Slowness.  I’m to work toward being slow to anger and there I will find peace.  Just like the Invisible Man is slow toward me.

I find peace in slowness.  Another Life Lesson.  My Life Lesson Pocket is
getting kinda full.  I think I might need a bigger pocket.
(just pocket...not pants) ;)

i hope this makes good sense…if not…be slow toward me 😉

Addendum- July 5, 2010

I am re-reading this series and noticed where I said:  “I didn’t read any quotes from anybody ‘special’ or world renown….”.  Then I go on to quote the God of the Universe??  HELLO– DING-BAT!!  I think He qualifies for both of those categories.  🙂

This evening Cooper and I watched a movie.

The movie has upset me.

I hope I don't screw this up ---but here I go -- just a few thoughts:
  • God doesn’t always ‘work things out’
  • You might lose
  • Losing doesn’t mean you’re a loser

Mainly…

I’m tired of ‘so-called Christians’ not hearing Jesus.

What was it that He said?

“let the little children come to me”

and

” he who has ears to hear…let him hear”

behind.

I ‘see‘ you from behind.

‘They’ (whoever ‘they’ are) — say that hindsight is 20-20.  Well, my favorite pictures are always those captured when you leave.  I don’t understand. I detest ‘goodbye’ with such a passion.  Goodbye’s are cold…like the snow.

But I LOVE this picture of my #1 son going home….  I know that he’ll come back tomorrow…to take care of my dog.

*big sigh*

The LORD is my Shepherd and I love it that way.

He makes me lie down  in green pastures.
He knows I’m tired.

He leads me beside quiet waters.
He likes to be alone with me.

He takes time with me and is making me new.

He leads me on a high road so everyone will know I belong to Him.

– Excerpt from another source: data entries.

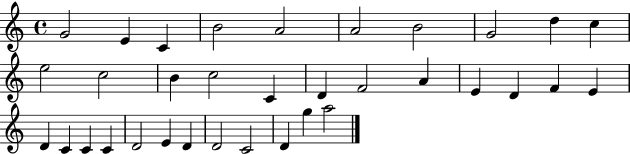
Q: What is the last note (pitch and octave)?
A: A5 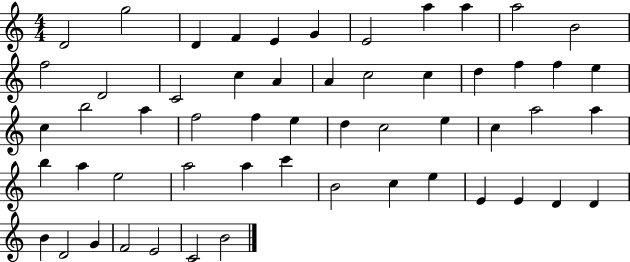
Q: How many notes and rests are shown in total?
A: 55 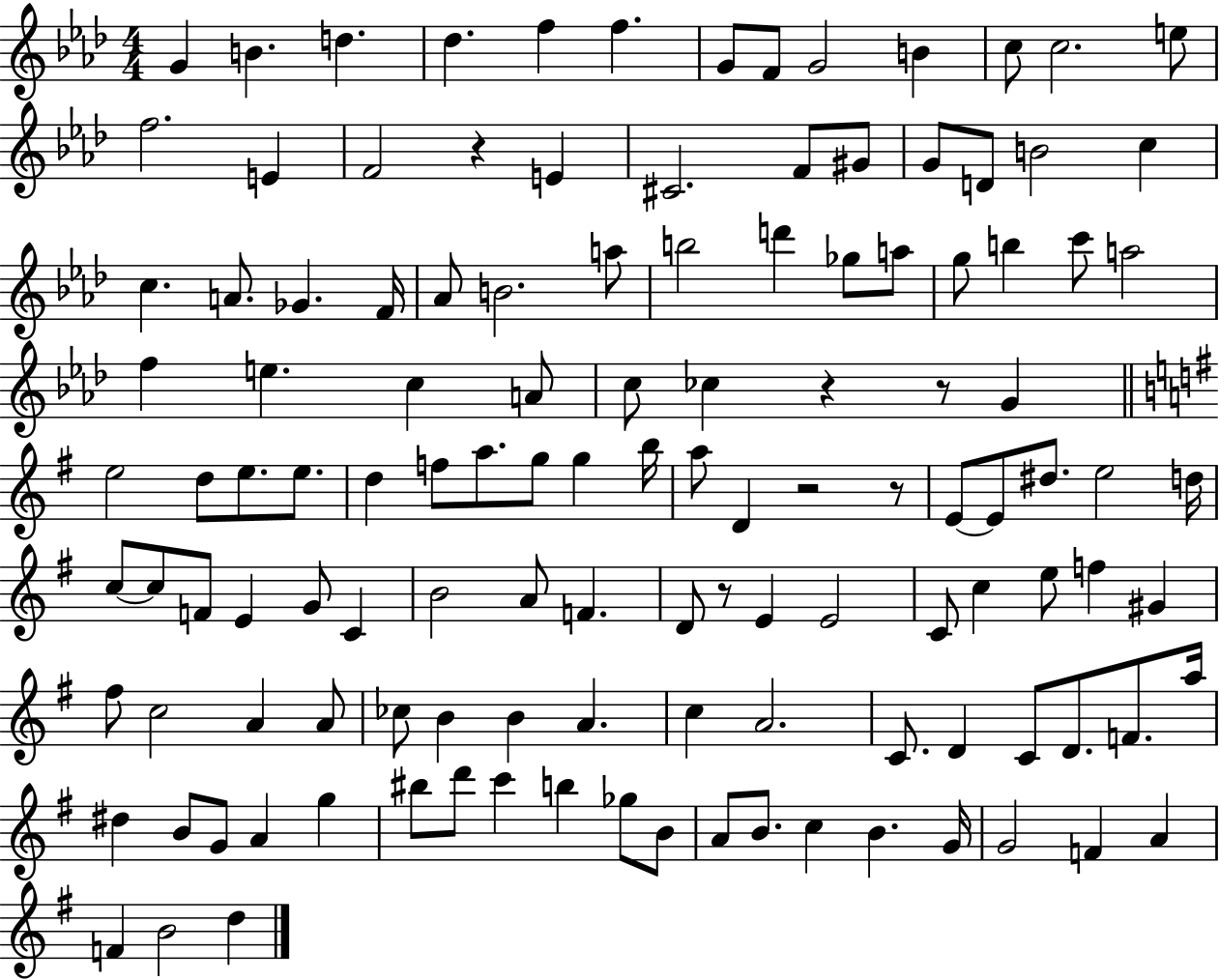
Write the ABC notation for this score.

X:1
T:Untitled
M:4/4
L:1/4
K:Ab
G B d _d f f G/2 F/2 G2 B c/2 c2 e/2 f2 E F2 z E ^C2 F/2 ^G/2 G/2 D/2 B2 c c A/2 _G F/4 _A/2 B2 a/2 b2 d' _g/2 a/2 g/2 b c'/2 a2 f e c A/2 c/2 _c z z/2 G e2 d/2 e/2 e/2 d f/2 a/2 g/2 g b/4 a/2 D z2 z/2 E/2 E/2 ^d/2 e2 d/4 c/2 c/2 F/2 E G/2 C B2 A/2 F D/2 z/2 E E2 C/2 c e/2 f ^G ^f/2 c2 A A/2 _c/2 B B A c A2 C/2 D C/2 D/2 F/2 a/4 ^d B/2 G/2 A g ^b/2 d'/2 c' b _g/2 B/2 A/2 B/2 c B G/4 G2 F A F B2 d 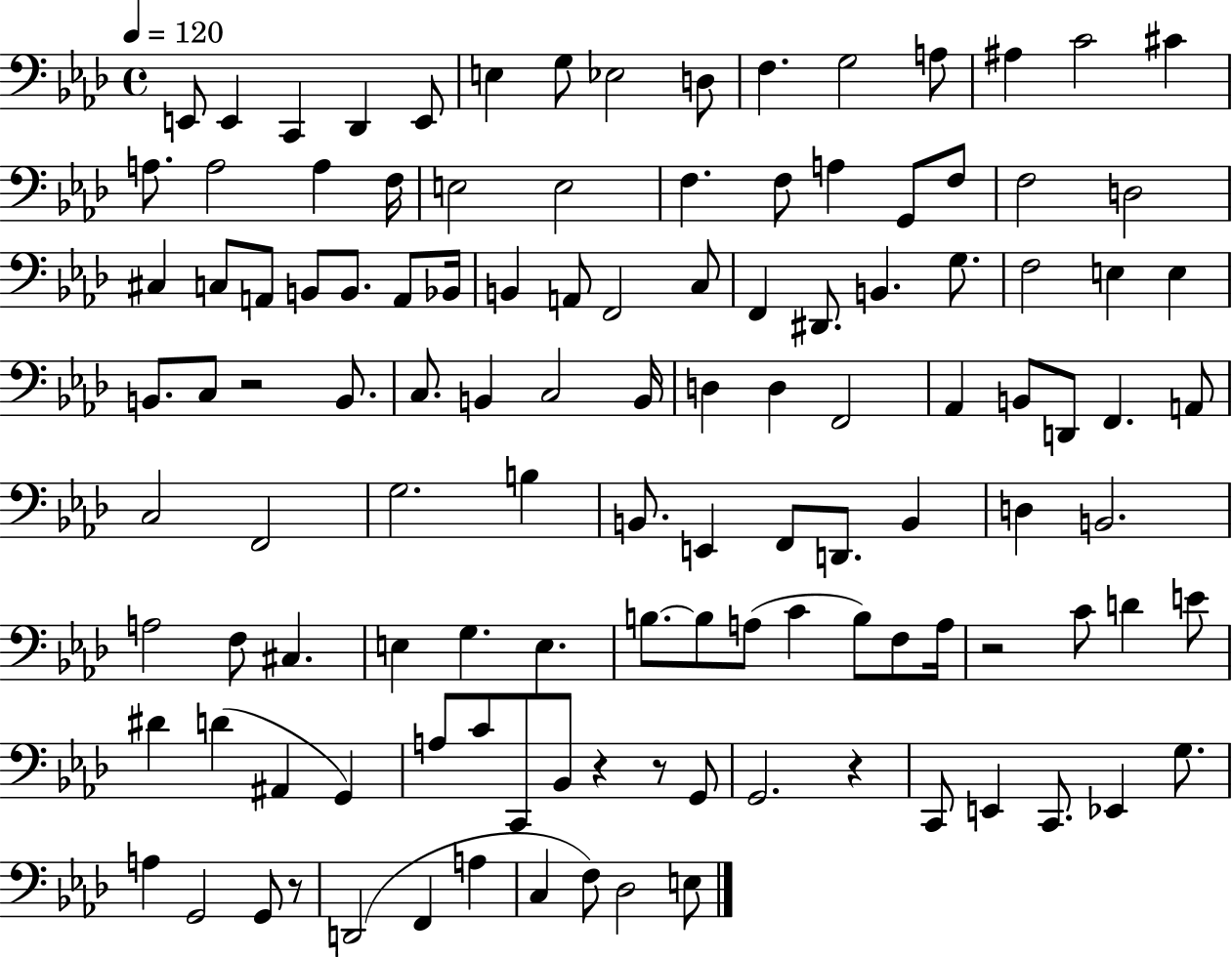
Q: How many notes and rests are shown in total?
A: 119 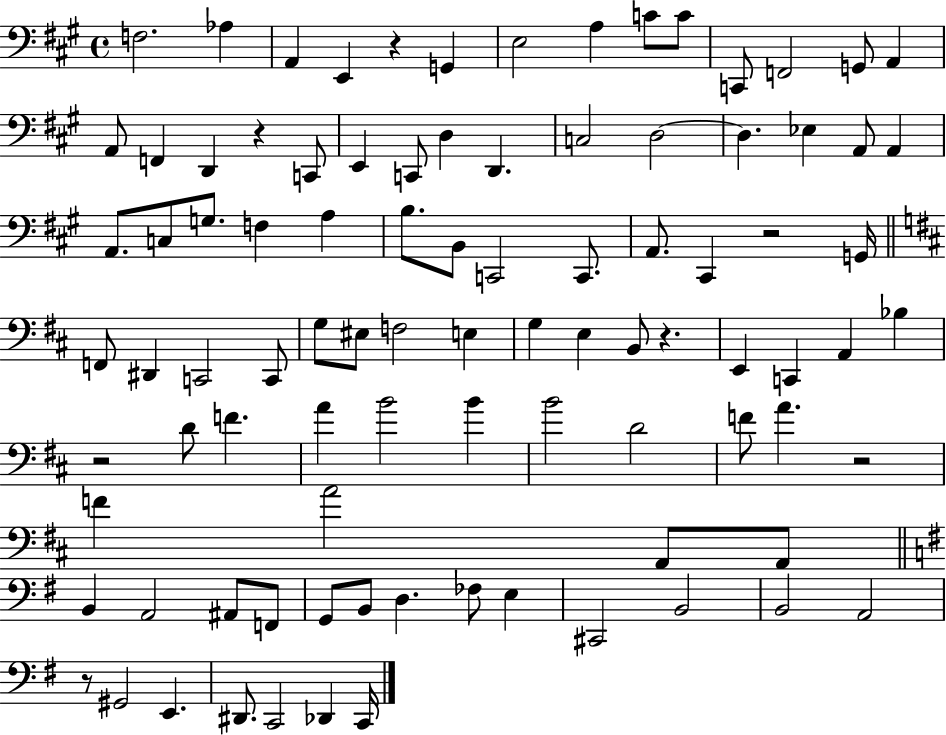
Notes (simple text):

F3/h. Ab3/q A2/q E2/q R/q G2/q E3/h A3/q C4/e C4/e C2/e F2/h G2/e A2/q A2/e F2/q D2/q R/q C2/e E2/q C2/e D3/q D2/q. C3/h D3/h D3/q. Eb3/q A2/e A2/q A2/e. C3/e G3/e. F3/q A3/q B3/e. B2/e C2/h C2/e. A2/e. C#2/q R/h G2/s F2/e D#2/q C2/h C2/e G3/e EIS3/e F3/h E3/q G3/q E3/q B2/e R/q. E2/q C2/q A2/q Bb3/q R/h D4/e F4/q. A4/q B4/h B4/q B4/h D4/h F4/e A4/q. R/h F4/q A4/h A2/e A2/e B2/q A2/h A#2/e F2/e G2/e B2/e D3/q. FES3/e E3/q C#2/h B2/h B2/h A2/h R/e G#2/h E2/q. D#2/e. C2/h Db2/q C2/s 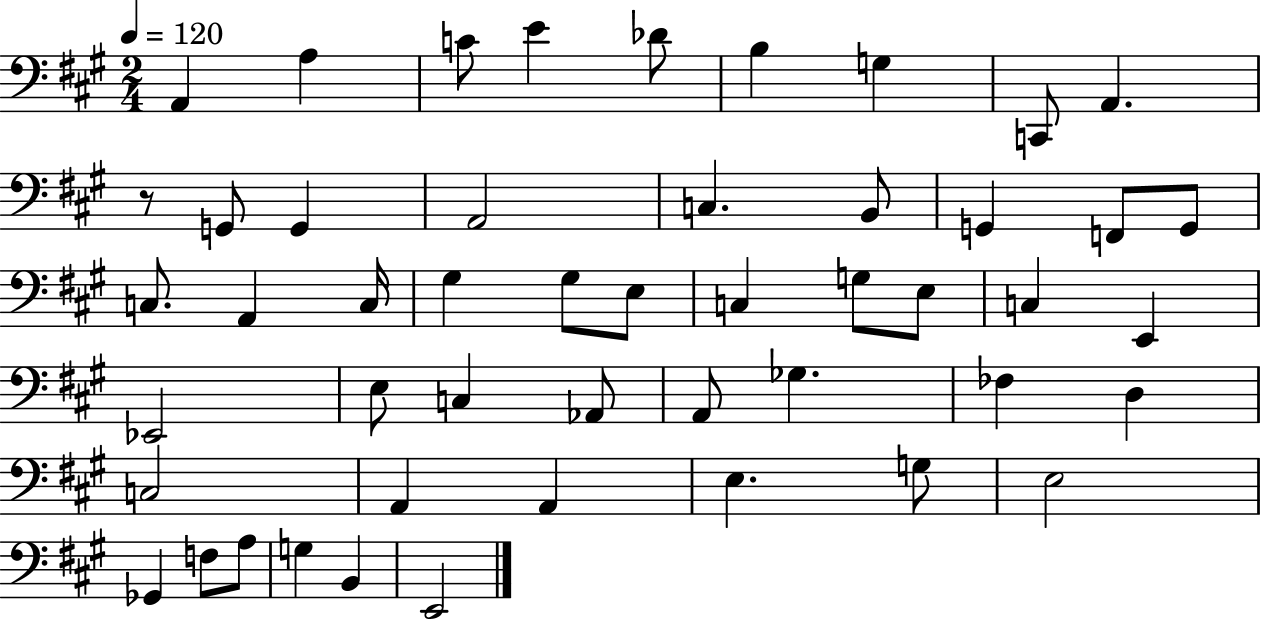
X:1
T:Untitled
M:2/4
L:1/4
K:A
A,, A, C/2 E _D/2 B, G, C,,/2 A,, z/2 G,,/2 G,, A,,2 C, B,,/2 G,, F,,/2 G,,/2 C,/2 A,, C,/4 ^G, ^G,/2 E,/2 C, G,/2 E,/2 C, E,, _E,,2 E,/2 C, _A,,/2 A,,/2 _G, _F, D, C,2 A,, A,, E, G,/2 E,2 _G,, F,/2 A,/2 G, B,, E,,2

Even when I walk through deep canyons and death is crouching in every cave – I’m not afraid!
You are with me!
You give me things to hold on to – they calm my soul.

You put together this great big supper in the middle of a canyon.  My enemies must stand, watching me eat!
You put lotion on my hands and feet.
I am overwhelmed.

Surely goodness and mercy will follow me all the days of my life.
And I will be with You.
I will be with YOU…in Your house……forever.

And I love it that way.

Jayme Martin~January 2010 ©

par●a●ble:

a simple story used to illustrate a moral or spiritual lesson

matthew 13:34

Jesus spoke all these things to the crowd in parables;

he did not say anything to them without using a parable.


Jesus.  He died being misunderstood
 

let’s just say…

a little birdie told me so.

i miss rich.

so…

Several weeks ago Brad asked me if I would go with him to a church here in town and lead worship for them before he spoke to them about his mission trip to India.

OH GREAT! (yep, those were my unSpiritual unCreative unArts director thoughts.)

I thought — those people are traditional, and are not going to receive the kind of worship that comes from my soul and — I mean — what about my bare feet — and I mean — what about it being Sunday night — and  I mean what about their older people blah blah blah blah…………(yes I am an idiot…write it down!)

But…being the good little wifey that I am — I said — “yes, honey I’ll follow wherever you lead me.”  (sure)

So… last night — Rusty, Kara and I prepare an acoustic 5-song set for this group of about 70 people.  And as soon as I stepped up on their altar the LORD spoke to me — (oops, I forgot He might be there!  Before one word came out of my mouth I had to ask God to forgive me for my prejudice.)

My LORD gave me the sweetest freedom in leading worship last night.  He flooded my mind with memories of my Grandmother and my Daddy and my Mom.  Looking out at those “family-like-faces” I felt as if I were leading a giant family reunion in worship.  I remembered sayings that my Grandma had told me.  The LORD reminded me Why I lead worship with bare feet…(i do have a reason…).

Then Brad spoke about India and the LORD came in power.  They flooded the altar and got on their knees and wept about their silence — their lack of telling their Jesus stories — they haven’t been talking about Jesus either.  The whole room was weeping and praying and repenting!  I haven’t seen anything like that in a long time.

God is on the move.

Something supernatural is happening here.